Sept raisons pour hospitaliser les AVC en unité
neurovasculaire
Donner aux patients les plus grandes chances
de survie et de récupération
La méta-analyse [2] de 19 essais randomisés comparant
un système organisé de soins à une prise en charge
conventionnelle, a montré une supériorité des unités
neurovasculaires (UNV) sur tous les critères de jugement. Les UNV
s'accompagnent d'une diminution de mortalité de 20 % [2], sans
augmentation du nombre de patients dépendants [3]. Quand 25 patients
sont traités en UNV, un décès et une dépendance
sont évités [2]. Ce bénéfice est indépendant
de l'âge, du sexe, et de la gravité initiale [3], se maintient
à 10 ans [4], et n'est pas associé à une augmentation
de récidive ou de handicap à long terme [4]. L'effet favorable
des UNV est sans doute dû à une prise en charge standardisée
des patients, permettant des diagnostics plus précis et plus précoces,
des investigations mieux appropriées et une meilleure prévention
des complications [3]. Le bénéfice apporté par ces
unités a pourtant été démontré à
une époque où il n'existait pas encore de traitement spécifique.
L'« effet infirmière » - expression maladroite risquant
de minimiser le rôle des autres soignants - est un des facteurs
essentiels de l'efficacité de ces unités [2]. L'absence
d'affolement face à des chiffres élevés de pression
artérielle, qu'il faut savoir faire tolérer, la recherche
systématique des troubles de déglutition, le traitement
d'une hyperthermie, la prévention des infections urinaires et respiratoires,
et des accidents thromboemboliques contribuent probablement à l'amélioration
du pronostic.

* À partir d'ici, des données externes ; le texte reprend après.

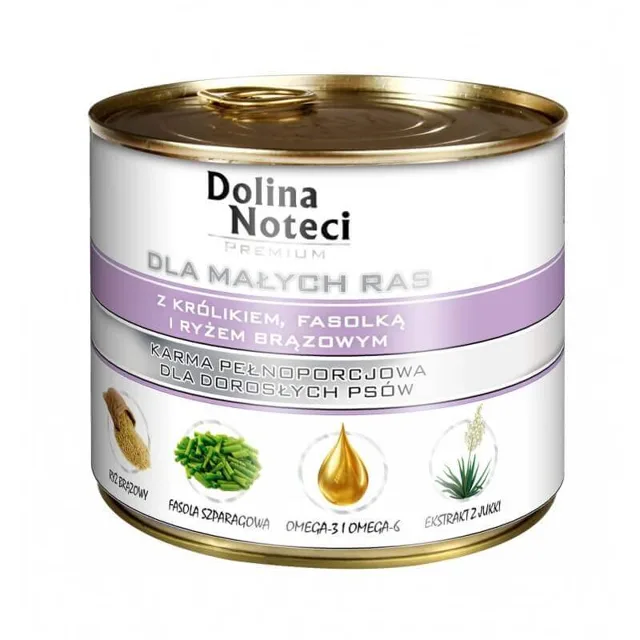 DOLINA NOTECI Premium s králíkem, fazolemi a hnědou rýží 185g
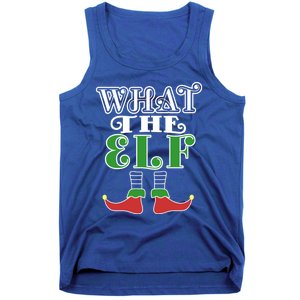 What The Elf Family Matching Christmas Group Gift Pajama Gift Tank Top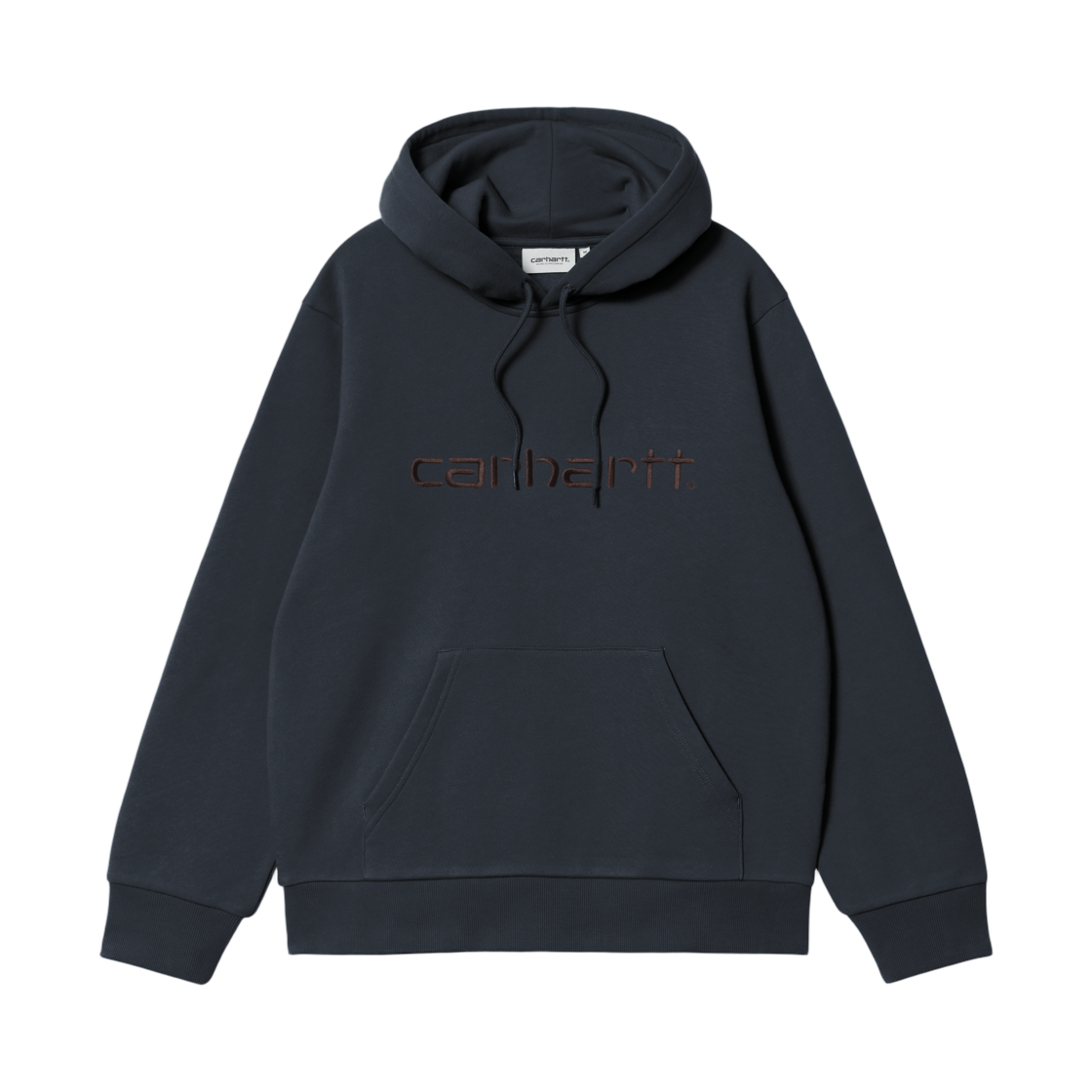 칼하트 WIP 후드 칼하트 스웨트셔츠 딥 나이트 팔리샌더(Carhartt WIP Hooded Carhartt Sweatshirt Deep Night Palisander)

L'étude de l'État de Cleveland a montré
qu'une thrombolyse effectuée en dehors d'une UNV s'accompagne d'une
surmortalité par hémorragies, en raison d'erreurs d'évaluation
du délai et d'interprétation du scanner [5]. La Société
française neurovasculaire (SFNV) a rédigé des recommandations
sur le cahier des charges des UNV [6].
Assurer une prise en charge optimale des pathologies
qui, en urgence, sont parfois confondues avec un AVC
Environ 15 % des patients admis pour un tableau compatible avec un AVC
ont en fait une autre pathologie [7]. La prise en charge en urgence des
AVC dans une équipe spécialisée permet l'identification
de ces patients, qu'une attitude contemplative aurait privés d'une
thérapeutique urgente [7].
Optimiser l'organisation de la filière
de soins
En raison du caractère non programmable des soins, la procédure
de prise en charge doit être préétablie. Cela nécessite
des protocoles acceptés par tous les partenaires concernés,
garantissant la qualité et la complémentarité des
interventions de chacun. C'est ainsi que les patients auront vite accès
aux examens nécessaires et n'auront pas d'examen inutile. Ces protocoles
seront d'autant plus facilement mis en place que les AVC sont accueillis
dans une seule structure par établissement.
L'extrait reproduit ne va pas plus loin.